SPARTANBURG, S.C. (WSPA) – A year long battle between an Upstate utility company and a group of homeowners appears to be over.
The Spartanburg Commission of Public Works has dropped a requirement that lakefront property owners sign a land access agreement.
Spartanburg Water had said that agreement was aimed at making sure future property owners around Lake Blalock, Lake Bowen and Municipal Reservoir 1 were aware of their rules.
But, 7News has learned that agreement’s been tossed out.
A spokeswoman with the utility said Tuesday a big reason they canned the agreement last Friday is push back by the homeowners.
Those homeowners are reacting to the news and say they’re pleased but some said there’s more to be done.

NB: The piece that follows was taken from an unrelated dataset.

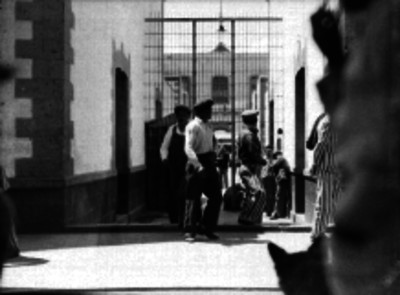 Presos y policía en uno de los patios de la penitenciaría del Distrito Federal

This started in the summer of 2018 when homeowners started to learn Spartanburg Water owned and managed the lakes and reservoirs they lived along.

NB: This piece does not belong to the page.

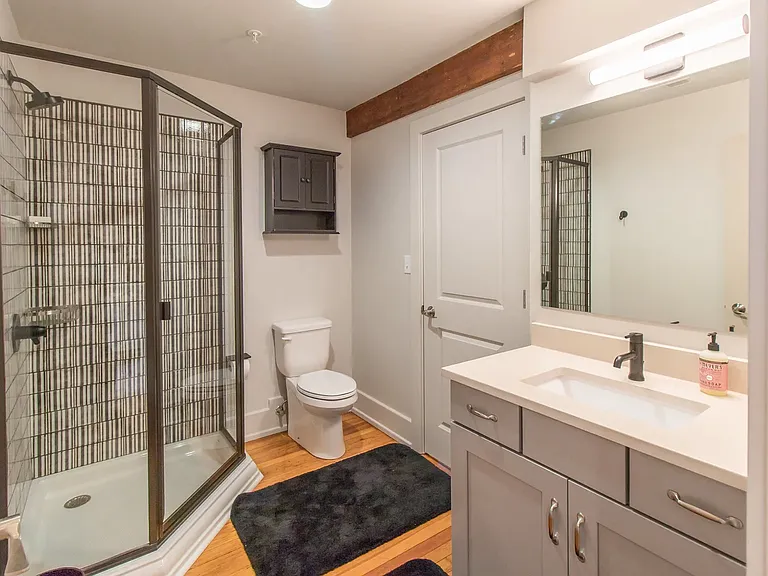 1741 Frankfort Ave #201 — Photo 9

Homeowners like Dan Hargett, who lives on Lake Bowen, were not pleased to hear what they learned.
Now he’s reacting to the news the agreement has been tossed.
“We believe that’s a great first step,” said Hargett.
The land access agreement was very unpopular out in these parts.
The utility’s spokeswoman, Jennifer Candler told 7News pushback by homeowners was part of the reason that decision was reached.
“The commission came to that decision really just based on the fact that they wanted to listen to the adjacent property owners,” said Candler.
Hargett said, “That document was aimed at claiming a portion of this property that’s not on anybody’s deed.”
The back and forth between homeowners and the utility came to a head when the utility announced a “Press Pause” program.
That gave homeowners an extension in order to make changes to things like their docks and lakeside porches while applying for a permit rather than waiting for a permit to start work.
Candler said, “Certainly we want to work with the homeowners.”
Candler told us the land access agreement will no longer be a part of the “Press Pause” program.
Hargett considers that a good thing.
“Then they could push you off the lake, no access to your boats, or use of the water. So it was a really bad document,” he said.
Hargett said the issue isn’t quite over. The next step is a set of rules and regulations being considered by Spartanburg Water.\
Hargett and others believe those rules as they stand now go too far.
“They came out with 84 pages of rules. Rules that I don’t believe any normal person could memorize them and honor all of them,” he said.
Hargett believes things started to turn in favor of the homeowners when they brought up financial issues and enlisted Trey Gowdy as their legal representation earlier this year.
7News will continue to follow this story as the Public Works Commission continues to work on the latest proposed rules and regulations.